Reinvented as the bad girl of rock journalism, Dolly becomes a star in short order – but hell, everything in the movie happens in short order. She’s mean to everybody off the page, too, walking out of school and humiliating her parents because she pays the rent. She also has lots of very enthusiastic sex, which is kind of disconcerting: If the film wants to make a statement about body positivity and a healthy attitude toward sex, maybe the good Johanna should get a turn, too.
In truth, “Dolly” is a terrible rock critic who also rips her colleagues for not believing what they write, an ironic criticism coming from a person who saved her own career by choosing to hate everybody. The more Johanna becomes an unfeeling beast, the clearer it is that the movie is bound to go looking for her heart – it’s just a little surprising when it comes as quickly as it does, immediately after she trashes virtually everybody in her life.
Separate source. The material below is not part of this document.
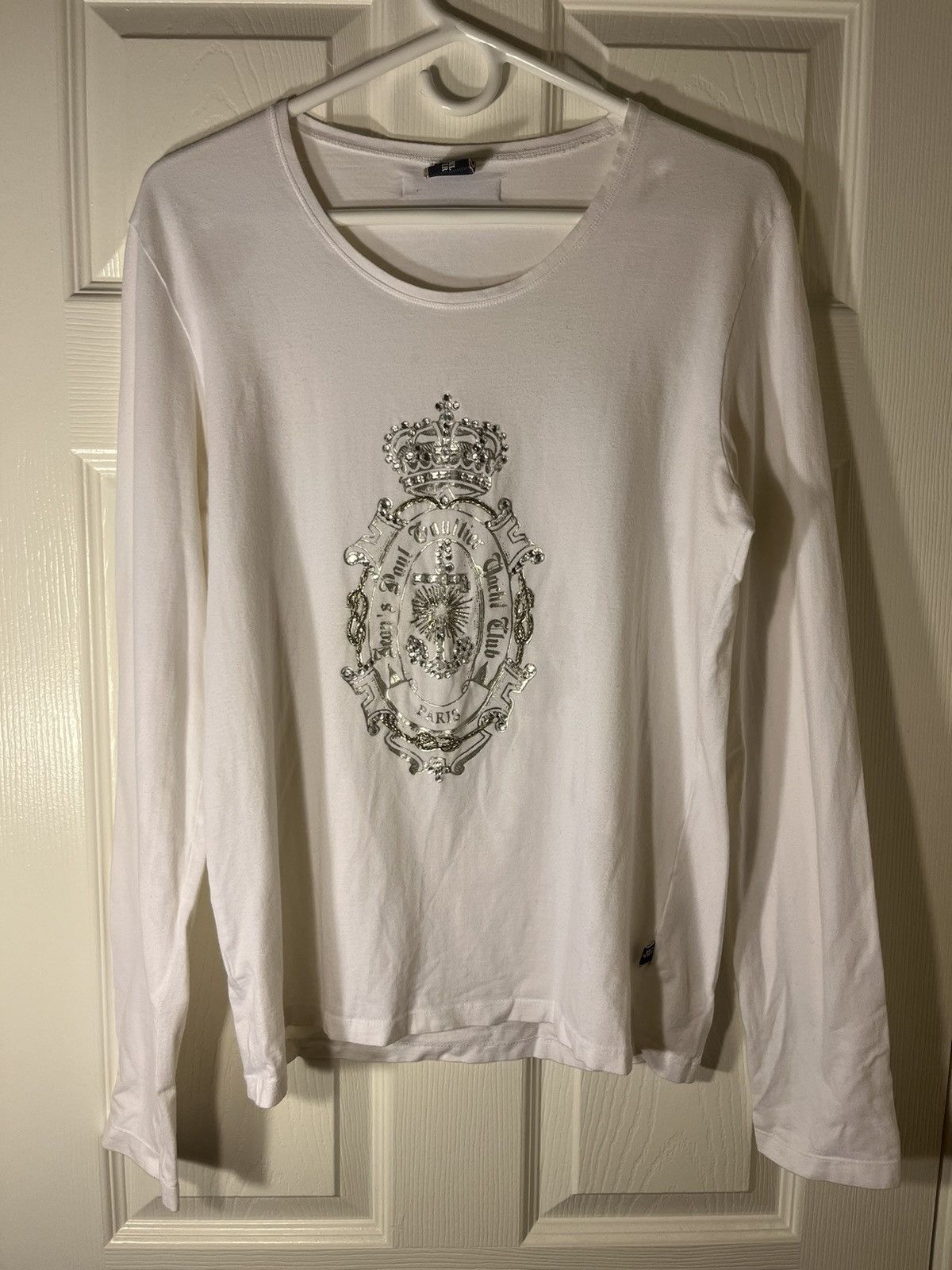 image of Jean Paul Gaultier White Rhinestone Anchor Long Sleeve, Men's (Size Large)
Then again, the entire story unfolds with questionable alacrity: Johanna reinvents herself three times in about an hour, and Feldstein pretty much sells it every time, partly because things never slow down long enough for you to start questioning what’s going on. “I became evil,” Johanna tells her wall of heroes, “but it’s July now, and I’m over it.”
If you stop look at it too closely, “How to Build a Girl” definitely doesn’t ring true, not that it’s always supposed to; at the same time, the way it rushes from silly to vicious to sappy can put you in a tonal whirl. But it’s also fun, and not insignificant in the way it puts an unconventional heroine on screen and then gives her the agency to act both stupid and smart as she sees fit.
After all, you don’t have to buy the details of this particular story to understand that it’s a good thing to have it in the library.